Je n’aurais su dire ce que je regrettais en particulier. Je perdais tout, et, dans ce désastre immense, le passé m’apparaissait tellement fini, que je ne cherchais plus à m’y rattacher. Ce qui restait de moi à Bellombre et dans la vallée de Dardenne, ma maison qui n’était plus à moi, ma grand’mère qui n’était plus qu’à Dieu, Frumence qui ne m’avait jamais aimée, tout était ruine et deuil, et j’avais été pressée au dernier moment de quitter des espérances mortes à jamais, des souvenirs déjà ensevelis… Mais le passé riant et paisible, mes jours d’enfance, ma confiance sans bornes, — plus tard mes rêves sans fin, mes premières agitations, les énigmes cherchées, les solutions conquises et reperdues, le sentiment de ma force, celui de ma faiblesse, les troubles de ma volonté, tout un monde évanoui comme un songe, voilà ce qui vivait en moi d’une vie sans but, sans fruit et sans retour.

Rien de tout cela ne m’avait donc servi ? J’avais travaillé quinze ou seize ans à développer mon intelligence dans un milieu où elle devait m’être utile, et rien de ce que j’avais appris à vouloir n’avait d’usage connu et défini dans la vie nouvelle qui s’ouvrait devant moi ! Je fus épouvantée de ce temps passé et de ce temps à venir, à la limite desquels je me trouvais seule et désarmée, et un moment il me sembla que j’étais morte.

Mais Jennie, n’était-elle pas là, et n’était-elle pas désormais le véritable but de ma vie, puisqu’elle était la cause de mon sacrifice ? En la regardant, elle qui n’en savait rien et qui croyait vivre pour moi sans me rien devoir, je fus frappée de son attitude inflexible dans l’épreuve qui me brisait.
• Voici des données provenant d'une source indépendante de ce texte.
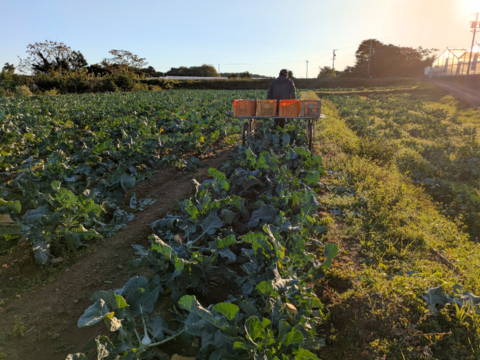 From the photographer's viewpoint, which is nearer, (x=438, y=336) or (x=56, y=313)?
(x=438, y=336)

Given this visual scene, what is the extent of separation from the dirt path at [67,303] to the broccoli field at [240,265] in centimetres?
1

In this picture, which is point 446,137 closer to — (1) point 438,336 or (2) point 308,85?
(1) point 438,336

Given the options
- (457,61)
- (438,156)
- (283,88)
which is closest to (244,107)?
(283,88)

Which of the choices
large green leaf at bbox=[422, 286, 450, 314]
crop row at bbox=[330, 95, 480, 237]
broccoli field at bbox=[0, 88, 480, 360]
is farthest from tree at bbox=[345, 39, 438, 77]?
large green leaf at bbox=[422, 286, 450, 314]

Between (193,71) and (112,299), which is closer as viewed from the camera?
(112,299)

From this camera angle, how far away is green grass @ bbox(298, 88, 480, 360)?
7.51ft

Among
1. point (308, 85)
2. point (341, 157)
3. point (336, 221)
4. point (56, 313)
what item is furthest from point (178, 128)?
point (308, 85)

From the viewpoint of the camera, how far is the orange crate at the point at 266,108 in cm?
728

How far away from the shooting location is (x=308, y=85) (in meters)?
48.5

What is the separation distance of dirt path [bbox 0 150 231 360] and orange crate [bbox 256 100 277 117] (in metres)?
4.12

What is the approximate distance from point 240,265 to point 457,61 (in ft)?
139

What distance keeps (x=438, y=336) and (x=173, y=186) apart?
14.7 feet

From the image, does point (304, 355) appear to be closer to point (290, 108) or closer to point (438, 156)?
point (290, 108)

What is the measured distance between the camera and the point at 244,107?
736 centimetres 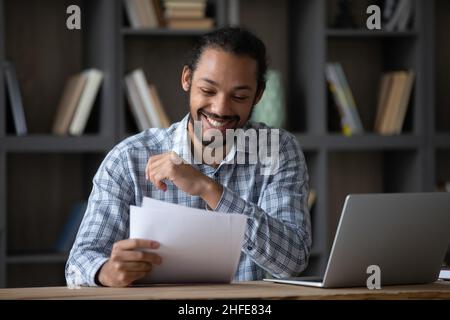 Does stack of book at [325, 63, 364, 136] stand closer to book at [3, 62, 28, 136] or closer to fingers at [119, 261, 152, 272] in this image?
book at [3, 62, 28, 136]

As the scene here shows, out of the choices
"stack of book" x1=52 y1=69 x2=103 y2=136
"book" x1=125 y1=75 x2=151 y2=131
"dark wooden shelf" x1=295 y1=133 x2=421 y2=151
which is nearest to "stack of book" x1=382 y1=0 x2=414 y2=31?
"dark wooden shelf" x1=295 y1=133 x2=421 y2=151

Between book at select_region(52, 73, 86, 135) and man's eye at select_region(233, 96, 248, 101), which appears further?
book at select_region(52, 73, 86, 135)

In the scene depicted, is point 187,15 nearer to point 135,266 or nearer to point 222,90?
point 222,90

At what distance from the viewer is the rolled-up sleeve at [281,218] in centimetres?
203

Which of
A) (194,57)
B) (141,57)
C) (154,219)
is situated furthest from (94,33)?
(154,219)

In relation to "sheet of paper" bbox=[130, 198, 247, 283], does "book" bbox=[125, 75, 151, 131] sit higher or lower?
higher

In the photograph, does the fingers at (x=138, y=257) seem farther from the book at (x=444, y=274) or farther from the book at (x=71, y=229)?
the book at (x=71, y=229)

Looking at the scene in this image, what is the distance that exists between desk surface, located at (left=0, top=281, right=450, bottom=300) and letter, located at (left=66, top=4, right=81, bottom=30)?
6.43 feet

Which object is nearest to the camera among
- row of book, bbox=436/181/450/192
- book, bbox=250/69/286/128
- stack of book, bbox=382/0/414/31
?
book, bbox=250/69/286/128

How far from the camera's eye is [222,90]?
2283 millimetres

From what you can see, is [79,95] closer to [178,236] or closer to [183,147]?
[183,147]

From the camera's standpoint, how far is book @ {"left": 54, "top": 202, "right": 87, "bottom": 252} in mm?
3506

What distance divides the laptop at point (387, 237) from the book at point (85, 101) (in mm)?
1779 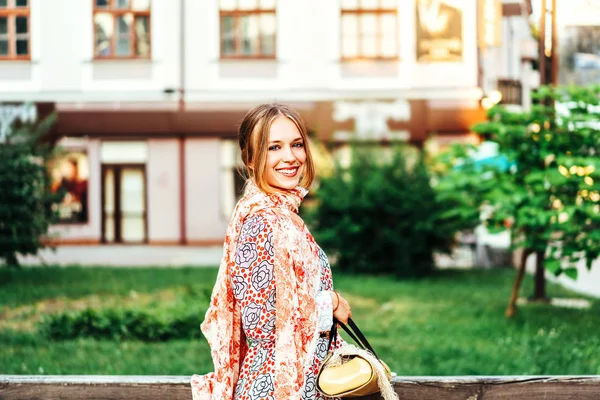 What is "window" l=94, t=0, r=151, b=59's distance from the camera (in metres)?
14.3

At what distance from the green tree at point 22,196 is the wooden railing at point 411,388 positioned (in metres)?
7.05

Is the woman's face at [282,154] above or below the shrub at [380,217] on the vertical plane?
above

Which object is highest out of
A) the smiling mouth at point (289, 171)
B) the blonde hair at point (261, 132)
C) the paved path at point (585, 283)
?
the blonde hair at point (261, 132)

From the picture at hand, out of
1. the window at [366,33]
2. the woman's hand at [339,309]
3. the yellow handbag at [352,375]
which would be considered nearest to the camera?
the yellow handbag at [352,375]

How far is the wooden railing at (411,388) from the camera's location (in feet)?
11.9

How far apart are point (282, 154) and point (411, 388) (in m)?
1.47

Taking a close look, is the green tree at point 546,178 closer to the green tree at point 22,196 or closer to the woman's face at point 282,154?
the woman's face at point 282,154

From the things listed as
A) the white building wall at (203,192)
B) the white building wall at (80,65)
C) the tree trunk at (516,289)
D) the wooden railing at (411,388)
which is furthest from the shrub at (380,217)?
the wooden railing at (411,388)

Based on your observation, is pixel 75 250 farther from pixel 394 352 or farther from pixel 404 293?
pixel 394 352

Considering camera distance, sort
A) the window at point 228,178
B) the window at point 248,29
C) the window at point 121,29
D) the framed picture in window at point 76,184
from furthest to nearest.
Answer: the window at point 228,178 → the window at point 248,29 → the framed picture in window at point 76,184 → the window at point 121,29

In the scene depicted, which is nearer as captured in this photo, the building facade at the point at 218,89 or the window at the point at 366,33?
the building facade at the point at 218,89

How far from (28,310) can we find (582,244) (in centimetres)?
554

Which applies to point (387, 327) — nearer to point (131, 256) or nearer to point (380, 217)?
point (380, 217)

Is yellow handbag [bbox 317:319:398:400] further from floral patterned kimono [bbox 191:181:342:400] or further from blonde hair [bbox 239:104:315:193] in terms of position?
blonde hair [bbox 239:104:315:193] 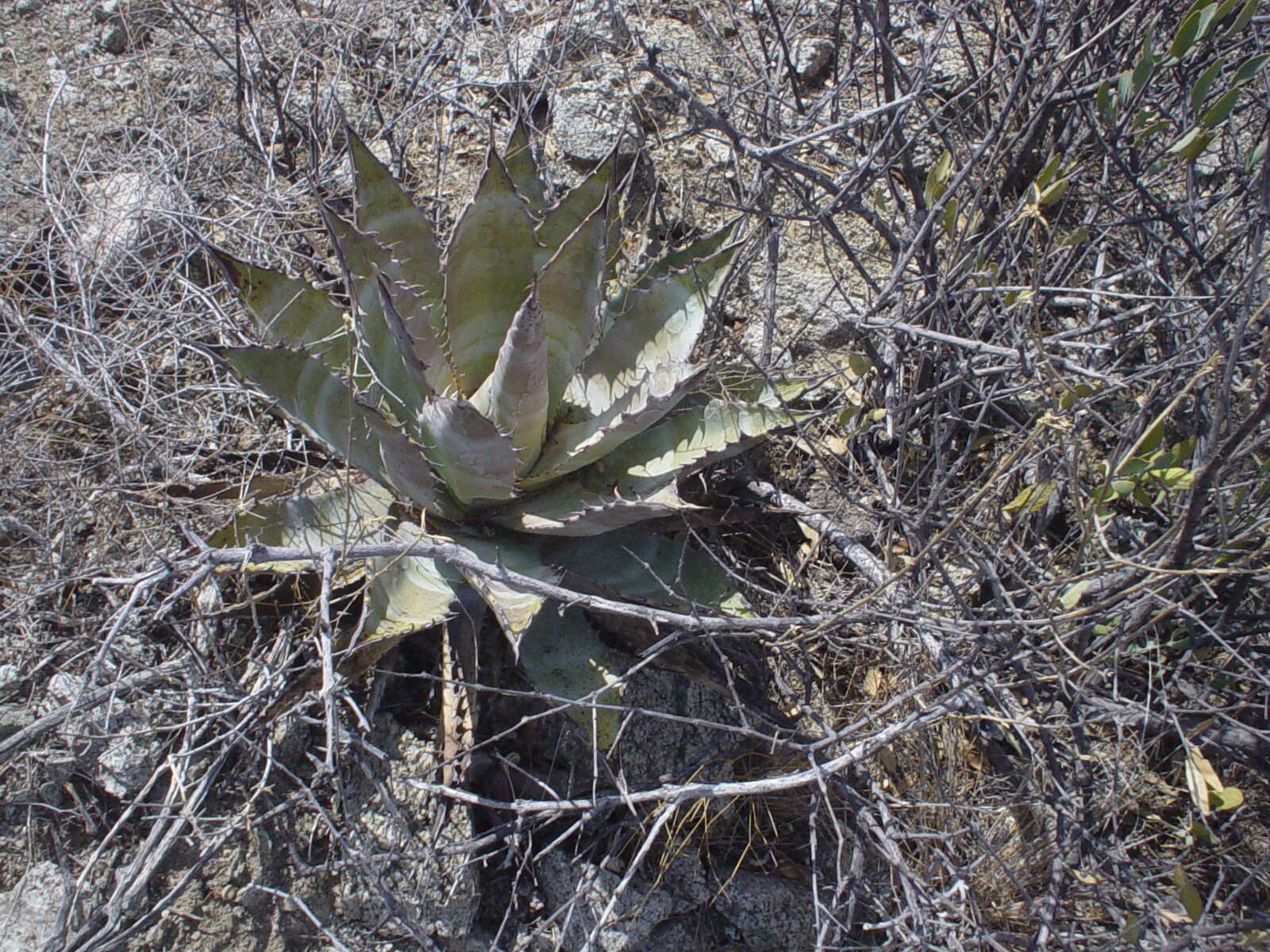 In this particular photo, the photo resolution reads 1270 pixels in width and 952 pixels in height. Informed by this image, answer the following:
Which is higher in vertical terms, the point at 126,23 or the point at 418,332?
the point at 126,23

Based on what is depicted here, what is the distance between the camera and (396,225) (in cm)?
191

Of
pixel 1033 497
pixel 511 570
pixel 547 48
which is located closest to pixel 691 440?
pixel 511 570

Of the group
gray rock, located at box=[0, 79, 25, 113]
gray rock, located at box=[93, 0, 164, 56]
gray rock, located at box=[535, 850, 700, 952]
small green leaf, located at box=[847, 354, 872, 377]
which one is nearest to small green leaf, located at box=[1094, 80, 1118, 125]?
small green leaf, located at box=[847, 354, 872, 377]

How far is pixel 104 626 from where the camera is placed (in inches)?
64.5

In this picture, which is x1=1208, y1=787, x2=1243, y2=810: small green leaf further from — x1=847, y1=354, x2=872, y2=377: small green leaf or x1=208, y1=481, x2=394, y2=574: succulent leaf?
x1=208, y1=481, x2=394, y2=574: succulent leaf

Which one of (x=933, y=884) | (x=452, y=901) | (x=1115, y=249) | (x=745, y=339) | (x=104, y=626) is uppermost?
(x=104, y=626)

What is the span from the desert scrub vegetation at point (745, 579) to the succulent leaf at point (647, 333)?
1.3 inches

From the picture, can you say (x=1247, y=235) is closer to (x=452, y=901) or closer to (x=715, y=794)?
(x=715, y=794)

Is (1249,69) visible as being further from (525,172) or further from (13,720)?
(13,720)

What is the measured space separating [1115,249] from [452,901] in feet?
7.55

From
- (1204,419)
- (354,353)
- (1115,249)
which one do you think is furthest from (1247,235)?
(354,353)

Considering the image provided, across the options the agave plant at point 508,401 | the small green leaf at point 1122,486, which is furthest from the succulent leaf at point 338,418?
the small green leaf at point 1122,486

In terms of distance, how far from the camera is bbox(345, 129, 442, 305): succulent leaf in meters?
1.81

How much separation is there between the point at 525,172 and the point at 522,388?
61cm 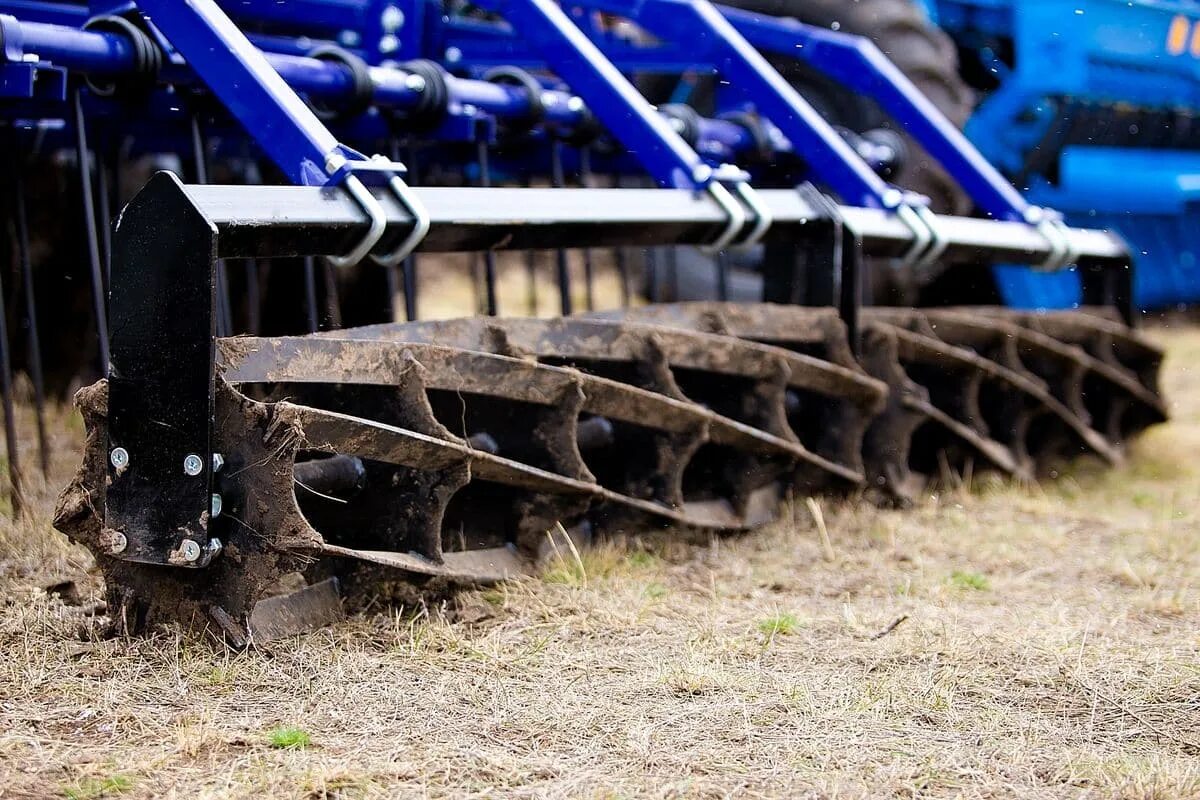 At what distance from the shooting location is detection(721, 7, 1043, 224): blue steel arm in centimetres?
403

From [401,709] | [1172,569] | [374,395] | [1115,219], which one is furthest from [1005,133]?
[401,709]

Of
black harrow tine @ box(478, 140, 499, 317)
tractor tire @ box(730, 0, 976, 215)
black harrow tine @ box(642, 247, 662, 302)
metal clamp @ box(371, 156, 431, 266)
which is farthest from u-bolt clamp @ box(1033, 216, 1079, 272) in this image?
black harrow tine @ box(642, 247, 662, 302)

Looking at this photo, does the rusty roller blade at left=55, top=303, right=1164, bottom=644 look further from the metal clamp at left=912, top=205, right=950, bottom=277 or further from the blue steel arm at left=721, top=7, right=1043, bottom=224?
the blue steel arm at left=721, top=7, right=1043, bottom=224

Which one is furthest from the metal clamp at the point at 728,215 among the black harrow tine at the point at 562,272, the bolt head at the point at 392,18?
the bolt head at the point at 392,18

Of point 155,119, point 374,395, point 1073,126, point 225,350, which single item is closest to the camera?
point 225,350

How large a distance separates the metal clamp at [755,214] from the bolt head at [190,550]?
1616 mm

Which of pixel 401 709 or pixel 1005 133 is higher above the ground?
pixel 1005 133

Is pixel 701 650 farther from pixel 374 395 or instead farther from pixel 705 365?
pixel 705 365

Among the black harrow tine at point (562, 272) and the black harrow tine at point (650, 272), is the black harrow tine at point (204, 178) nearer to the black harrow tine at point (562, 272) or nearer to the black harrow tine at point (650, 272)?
the black harrow tine at point (562, 272)

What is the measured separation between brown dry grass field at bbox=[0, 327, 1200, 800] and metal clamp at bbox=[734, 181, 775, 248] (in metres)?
0.76

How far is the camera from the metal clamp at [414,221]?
249cm

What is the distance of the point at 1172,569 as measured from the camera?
112 inches

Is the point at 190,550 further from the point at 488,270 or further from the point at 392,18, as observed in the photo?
the point at 392,18

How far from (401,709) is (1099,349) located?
8.91 feet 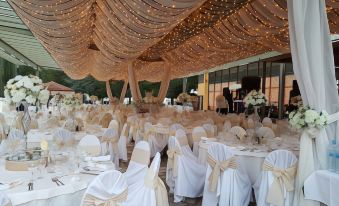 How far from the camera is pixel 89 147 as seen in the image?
452 centimetres

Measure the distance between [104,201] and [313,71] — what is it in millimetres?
2469

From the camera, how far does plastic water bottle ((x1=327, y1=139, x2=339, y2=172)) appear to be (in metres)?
3.46

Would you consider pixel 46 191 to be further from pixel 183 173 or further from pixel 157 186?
pixel 183 173

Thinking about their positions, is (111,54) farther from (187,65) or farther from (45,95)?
(45,95)

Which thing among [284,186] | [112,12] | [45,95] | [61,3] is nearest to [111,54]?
[112,12]

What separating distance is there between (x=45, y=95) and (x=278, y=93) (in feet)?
42.9

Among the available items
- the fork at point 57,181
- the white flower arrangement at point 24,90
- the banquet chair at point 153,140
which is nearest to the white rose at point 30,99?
the white flower arrangement at point 24,90

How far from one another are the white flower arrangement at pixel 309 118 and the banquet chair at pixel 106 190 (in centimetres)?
192

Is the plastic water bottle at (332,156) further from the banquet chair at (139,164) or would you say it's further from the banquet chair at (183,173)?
the banquet chair at (183,173)

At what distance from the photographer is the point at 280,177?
3.92 meters

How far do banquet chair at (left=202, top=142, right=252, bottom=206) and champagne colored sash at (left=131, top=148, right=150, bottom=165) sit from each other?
0.89 m

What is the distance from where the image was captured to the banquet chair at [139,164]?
411 centimetres

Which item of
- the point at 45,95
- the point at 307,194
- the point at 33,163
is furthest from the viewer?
the point at 45,95

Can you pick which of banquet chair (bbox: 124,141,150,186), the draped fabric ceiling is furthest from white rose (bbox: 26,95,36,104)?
the draped fabric ceiling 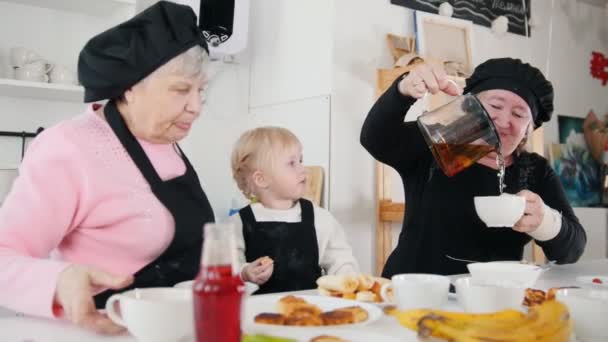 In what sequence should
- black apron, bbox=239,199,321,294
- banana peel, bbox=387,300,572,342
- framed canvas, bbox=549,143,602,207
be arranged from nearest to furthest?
1. banana peel, bbox=387,300,572,342
2. black apron, bbox=239,199,321,294
3. framed canvas, bbox=549,143,602,207

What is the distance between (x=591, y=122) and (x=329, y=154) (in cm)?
210

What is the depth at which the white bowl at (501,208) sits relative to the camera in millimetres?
1080

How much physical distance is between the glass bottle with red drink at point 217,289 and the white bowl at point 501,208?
2.24ft

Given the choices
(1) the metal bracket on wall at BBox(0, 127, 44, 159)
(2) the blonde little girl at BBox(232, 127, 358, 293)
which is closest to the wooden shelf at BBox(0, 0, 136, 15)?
(1) the metal bracket on wall at BBox(0, 127, 44, 159)

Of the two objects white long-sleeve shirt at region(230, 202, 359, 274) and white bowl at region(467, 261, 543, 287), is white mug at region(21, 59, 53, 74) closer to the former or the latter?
white long-sleeve shirt at region(230, 202, 359, 274)

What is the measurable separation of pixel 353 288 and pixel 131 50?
0.56 m

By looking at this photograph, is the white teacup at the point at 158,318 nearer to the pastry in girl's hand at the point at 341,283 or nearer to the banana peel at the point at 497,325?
the banana peel at the point at 497,325

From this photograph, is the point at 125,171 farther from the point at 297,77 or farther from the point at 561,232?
the point at 297,77

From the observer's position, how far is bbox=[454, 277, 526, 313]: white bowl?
2.60 ft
Jennie regardait toujours droit devant elle, fort peu à droite et à gauche, jamais en arrière. Elle aussi avait eu une existence scindée et dévastée avant de m’adopter ; elle l’avait renouée sans l’aide de personne, et de nouveau elle me l’avait consacrée. Et, pour la troisième fois, elle changeait de pays, de labeur et de milieu pour me suivre, me servir et me protéger, tout cela, comme s’il n’y eût jamais eu que moi au monde et que tout le reste ne valut pas l’ombre d’un regret : admirable amitié que toute la mienne ne suffisait pas à payer !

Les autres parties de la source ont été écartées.